Haha, that got ya. What?
Before I start – The whole “Unstructured” thing has been going around a while now, and the definition is a bit like “bigdata”. No one really knows what it means. But I think some people may say that a PDF is unstructured data. ( I personally see very little unstructured data out there, it’s all fundamentally structured in some way, otherwise it can’t possibly have any meaning )
So, I came across Apache Tika and was itching to give it a go. Excellent I thought, this can easily be made into a plugin.
Ah, but hang on a minute, Matt has already done it:
Good to see @ApacheTika support in #Pentaho (by @mattyb149) I think that’s worth a try… https://t.co/ul0kcAm25w #hopeitworksin6
— Dan Keeley (@codek1) May 16, 2016
So, I gave that a go and due to upgrading vfs to 2.0 in PDI6, the current marketplace plugin doesnt work. So.. Fork the repo, Clone it, install “gradle” (which err, looks a lot like ant right), change the code according to Pedros vfs post, and voila! A plugin that works. Well sort of – somehow I lost all the resources, but meh, it works.

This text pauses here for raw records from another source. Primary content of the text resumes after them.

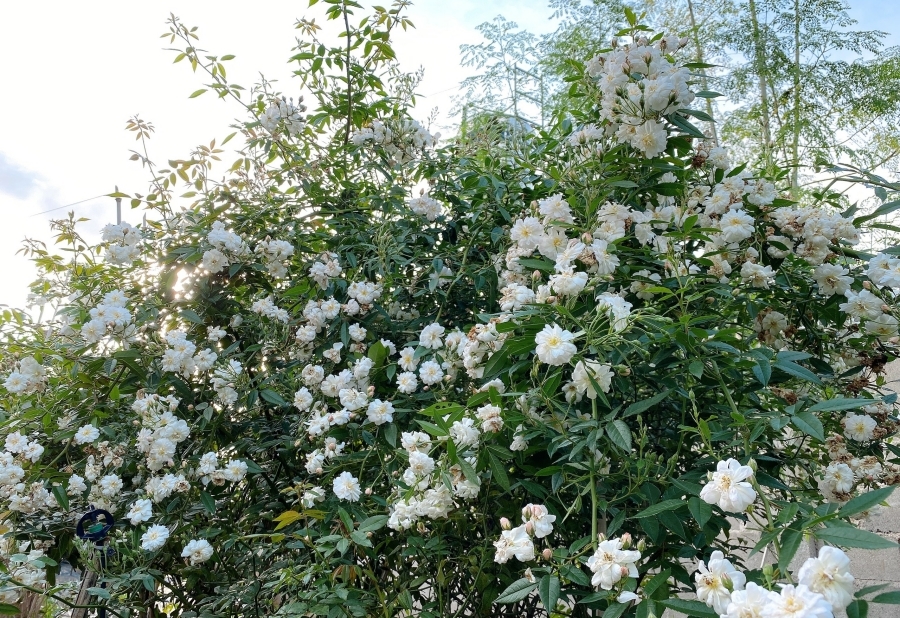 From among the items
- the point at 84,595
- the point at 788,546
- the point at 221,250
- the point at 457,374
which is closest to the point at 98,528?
the point at 84,595

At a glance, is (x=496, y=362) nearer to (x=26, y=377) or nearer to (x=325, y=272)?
(x=325, y=272)

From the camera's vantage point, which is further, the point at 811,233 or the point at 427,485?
the point at 811,233

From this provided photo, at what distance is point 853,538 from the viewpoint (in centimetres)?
66

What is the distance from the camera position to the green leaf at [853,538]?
64cm

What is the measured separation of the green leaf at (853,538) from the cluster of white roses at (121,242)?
1.66 metres

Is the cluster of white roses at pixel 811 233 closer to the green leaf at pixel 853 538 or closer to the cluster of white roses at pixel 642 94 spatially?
the cluster of white roses at pixel 642 94

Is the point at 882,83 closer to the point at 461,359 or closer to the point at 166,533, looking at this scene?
the point at 461,359

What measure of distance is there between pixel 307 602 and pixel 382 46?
1539 mm

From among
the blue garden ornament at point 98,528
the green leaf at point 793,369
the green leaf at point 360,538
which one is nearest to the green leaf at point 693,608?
the green leaf at point 793,369

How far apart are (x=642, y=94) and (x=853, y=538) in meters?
0.89

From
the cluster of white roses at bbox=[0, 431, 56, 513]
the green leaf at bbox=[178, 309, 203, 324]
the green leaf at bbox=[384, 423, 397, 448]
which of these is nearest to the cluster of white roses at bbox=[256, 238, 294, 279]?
the green leaf at bbox=[178, 309, 203, 324]

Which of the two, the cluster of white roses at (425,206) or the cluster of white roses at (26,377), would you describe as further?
the cluster of white roses at (425,206)

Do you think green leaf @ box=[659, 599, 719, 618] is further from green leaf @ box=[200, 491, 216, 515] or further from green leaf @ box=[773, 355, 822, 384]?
green leaf @ box=[200, 491, 216, 515]

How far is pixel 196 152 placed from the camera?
184 centimetres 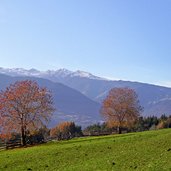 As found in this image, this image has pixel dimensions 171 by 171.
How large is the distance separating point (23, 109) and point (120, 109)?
3955 cm

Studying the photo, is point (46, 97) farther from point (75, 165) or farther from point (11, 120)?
point (75, 165)

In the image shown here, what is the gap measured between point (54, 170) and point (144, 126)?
140876 millimetres

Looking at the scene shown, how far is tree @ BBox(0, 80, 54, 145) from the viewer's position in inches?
3398

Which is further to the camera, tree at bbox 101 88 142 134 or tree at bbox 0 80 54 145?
tree at bbox 101 88 142 134

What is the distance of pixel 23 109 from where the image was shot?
87062 millimetres

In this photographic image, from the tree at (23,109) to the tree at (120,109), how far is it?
3228 cm

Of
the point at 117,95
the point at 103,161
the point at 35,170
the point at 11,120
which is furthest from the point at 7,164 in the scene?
the point at 117,95

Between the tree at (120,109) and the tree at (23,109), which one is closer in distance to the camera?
the tree at (23,109)

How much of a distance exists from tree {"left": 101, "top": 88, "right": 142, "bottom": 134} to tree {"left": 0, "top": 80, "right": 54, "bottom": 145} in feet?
106

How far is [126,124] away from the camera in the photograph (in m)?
120

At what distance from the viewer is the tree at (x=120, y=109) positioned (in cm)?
11919

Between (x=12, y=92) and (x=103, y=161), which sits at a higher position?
(x=12, y=92)

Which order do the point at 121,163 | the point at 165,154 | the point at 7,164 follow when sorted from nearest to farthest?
the point at 121,163, the point at 165,154, the point at 7,164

So what does Tika do? Well it reads anything, and for my purposes I fancy reading the DIY DOG pdf that brewdog recently released. This is a MASSIVE document with 200+ recipes for the home brewer.
Now; Tika gives you the whole document, as either text, html, json or xml, in a SINGLE field. right, ok. This means be careful with your preview tab, as it struggles to deal with 20mb in a single cell!
So first step, split it to separate lines. Then identify the beer, do some grouping, blah. So what can you find out?
Well, surprisingly, Amarillo is the most popular hop. Used in 53 of the beers. Here’s a snippet to show a bit more:
Clearly I have some data quality issues there, as the first line is blank, and “Hop”, “Dry” or “Aroma” is not particularly useful.
Next steps? Improve the data quality of course, but then you could easily expose this data in a way to make it much more searchable than just in the PDF. e.g. show me all the beers with a given IBU range, that contain one or more of a selection of hops, etc.
You can find my transformation in github as always!
By the way Tika seems to do an excellent job of reading the PDF, it’s pretty quick. The only downside is that because the whole lot goes into one field there’s no “streaming” of the data. If you could say give me the text line by line for example, that may be better for big documents.